Как ссылка на большие дома, так и указание на руническую надпись не представляются убедительными. Следует подчеркнуть, что изменения в практике домостроительства, о которых речь шла выше, по существу почти не задели плотницкое ремесло. Строительная культура отнюдь не прерывалась. В горизонте е, так же как ранее в горизонте д, мы видим те же почти квадратные по форме основания срубленных из бревен домов, только размеры их стали побольше. Так же бревна срубов рубятся "в обло". Для утепления жилищ устраиваются завалинки. Кровля крыши поддерживается с помощью Г-образных коротких слег ("куриц"), вырубленных из корневища дерева (первая – по историческому времени – "курица" была найдена в самом основании культурного слоя Ладоги, "последнюю" – можно видеть в самых архаических хозяйственных постройках современного поселка Старая Ладога.

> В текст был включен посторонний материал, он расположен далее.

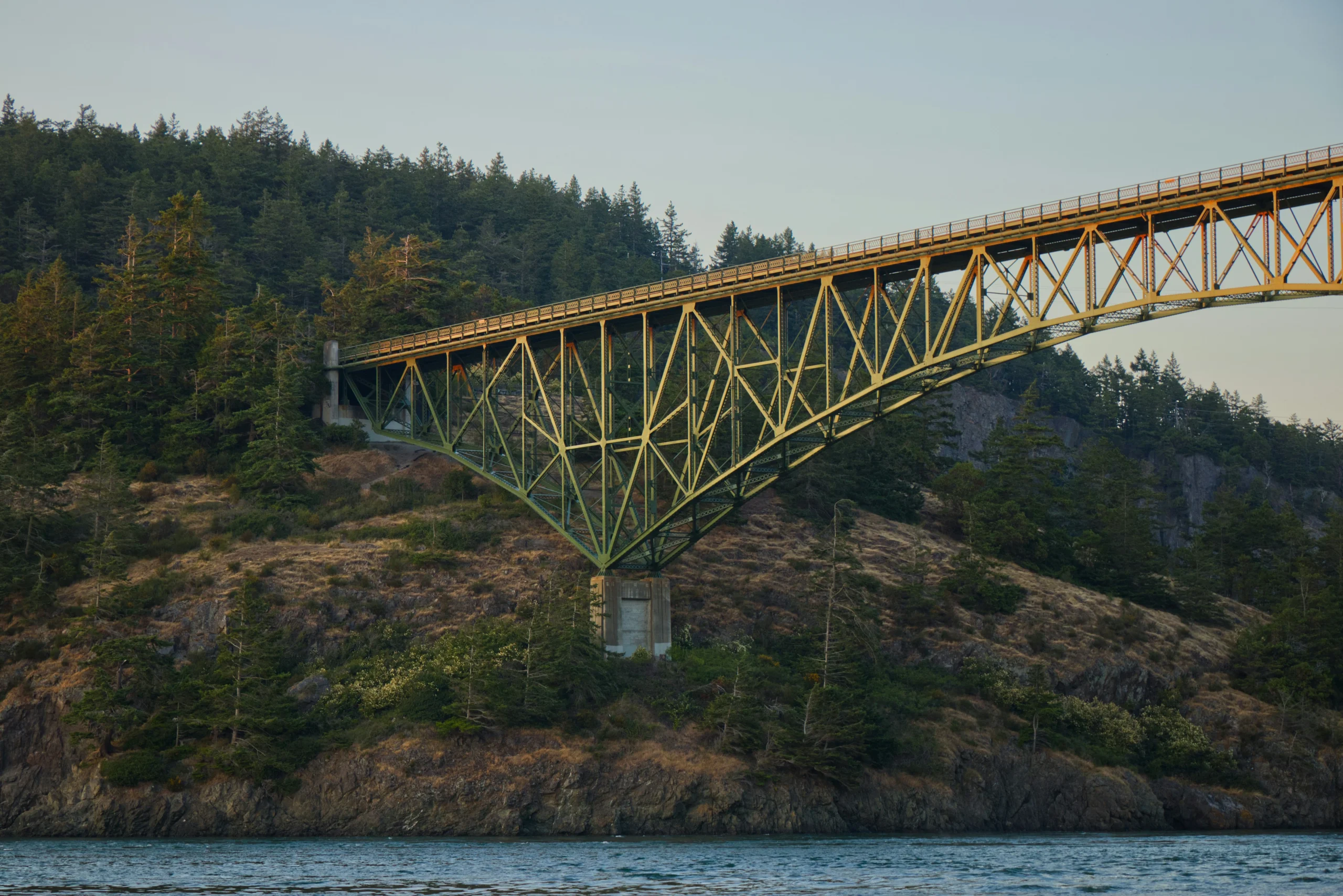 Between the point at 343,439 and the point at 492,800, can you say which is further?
the point at 343,439

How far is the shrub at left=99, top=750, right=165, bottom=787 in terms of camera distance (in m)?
61.0

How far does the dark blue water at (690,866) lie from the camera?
41469 mm

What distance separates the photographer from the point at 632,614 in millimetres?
72125

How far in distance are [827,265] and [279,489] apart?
4069 cm

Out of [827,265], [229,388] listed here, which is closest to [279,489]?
[229,388]

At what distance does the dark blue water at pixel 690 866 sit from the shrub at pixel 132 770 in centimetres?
298

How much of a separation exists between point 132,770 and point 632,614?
2516 centimetres

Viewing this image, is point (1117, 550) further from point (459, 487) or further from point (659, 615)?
point (459, 487)

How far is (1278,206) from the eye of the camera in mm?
50812

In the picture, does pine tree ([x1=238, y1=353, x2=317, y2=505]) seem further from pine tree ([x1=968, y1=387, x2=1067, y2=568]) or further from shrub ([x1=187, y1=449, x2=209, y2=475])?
pine tree ([x1=968, y1=387, x2=1067, y2=568])

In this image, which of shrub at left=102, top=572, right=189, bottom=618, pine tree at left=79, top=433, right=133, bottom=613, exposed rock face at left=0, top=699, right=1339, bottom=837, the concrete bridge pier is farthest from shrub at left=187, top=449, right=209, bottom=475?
the concrete bridge pier

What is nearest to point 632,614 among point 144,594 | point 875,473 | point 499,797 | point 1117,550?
point 499,797

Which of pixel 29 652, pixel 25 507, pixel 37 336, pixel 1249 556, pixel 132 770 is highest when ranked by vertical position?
pixel 37 336

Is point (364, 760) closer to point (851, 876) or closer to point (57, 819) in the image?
point (57, 819) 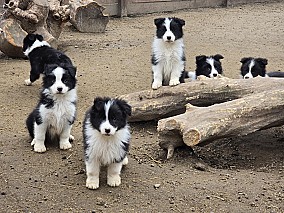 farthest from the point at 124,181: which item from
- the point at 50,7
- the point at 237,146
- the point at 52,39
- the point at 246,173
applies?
the point at 50,7

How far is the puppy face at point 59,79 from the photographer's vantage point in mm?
6039

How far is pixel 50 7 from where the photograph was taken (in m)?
11.7

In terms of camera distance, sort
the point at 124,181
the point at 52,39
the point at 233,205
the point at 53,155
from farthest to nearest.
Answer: the point at 52,39
the point at 53,155
the point at 124,181
the point at 233,205

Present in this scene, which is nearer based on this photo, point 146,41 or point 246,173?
point 246,173

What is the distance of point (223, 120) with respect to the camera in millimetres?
5840

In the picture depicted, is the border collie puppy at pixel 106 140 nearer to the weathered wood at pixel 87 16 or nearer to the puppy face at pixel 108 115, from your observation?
the puppy face at pixel 108 115

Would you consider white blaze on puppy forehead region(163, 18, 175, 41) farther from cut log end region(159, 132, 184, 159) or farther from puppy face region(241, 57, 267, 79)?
puppy face region(241, 57, 267, 79)

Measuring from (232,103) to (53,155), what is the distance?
202 centimetres

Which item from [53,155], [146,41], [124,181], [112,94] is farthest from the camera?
[146,41]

Самая яркая, воочию видимая, пространственно осязаемая черта – резкое увеличение площади домов в нижнем горизонте – прежде всего бросается в глаза. Но она-то и способна, как нам кажется, легче всего ввести в заблуждение. Детальный анализ строительной техники показывает, что строительный материал, технические приемы его обработки, трудовые навыки, набор основных инструментов, даже архитектурные вкусы остаются одинаковыми в своих главных чертах в обоих сравниваемых горизонтах. Нет никаких данных, чтобы говорить о прерыве традиции деревянного строительства. Зародившаяся в глубокой древности у народа, который очень рано освоил лес и его ресурсы, эта традиция привела к выработке замечательных строительных приемов, к высокому архитектурному мастерству, нашедшими свое воплощение в древних больших домах Ладоги. И эта традиция не только не оборвалась, но была сохранена и дальше развита новгородцами (к ним относятся, разумеется, и ладожане). Слава о новгородцах как об искусных строителях шла по всей русской земле. Вспомним очень характерное место из летописи (под 1016 годом), когда во время пререканий между новгородцами и их противниками, эти последние говорят: "Вы же плотники, мы и приставим вас хоромы рубить нам" (15). Эта традиция, развитая и обогащенная, чувствуется в первой новгородской Софии, которую искусные плотники срубили в 989 г. "из дуба о 13 верхах". Изумительные позднейшие деревянные храмы северной Руси, в том числе такие совершенные, чисто народные памятники, как двадцатидвухглавая церковь в Кижах и ей подобная в Вытегре, продолжают ту же строительную традицию, первыми известными памятниками которой и являются остатки больших домов, открытых в нижних напластованиях культурного слоя Старой Ладоги.

Обильный вещевой инвентарь, собранный за много лет раскопок земляного городища, также не позволяет говорить о смене этнического состава населения в Ладоге (16). Вся керамика горизонта е, исключительно лепная, дает нам славянские типы VI-IX вв. (17). В дополнение к опубликованным материалам мы помещаем здесь фотографии глиняных сосудов, найденных в 1950 г. в слое e2, где был обнаружен стержень с рунической надписью. Не чувствуется существенных изменений и в такой важной области хозяйственной деятельности ладожан как обработка земли (18).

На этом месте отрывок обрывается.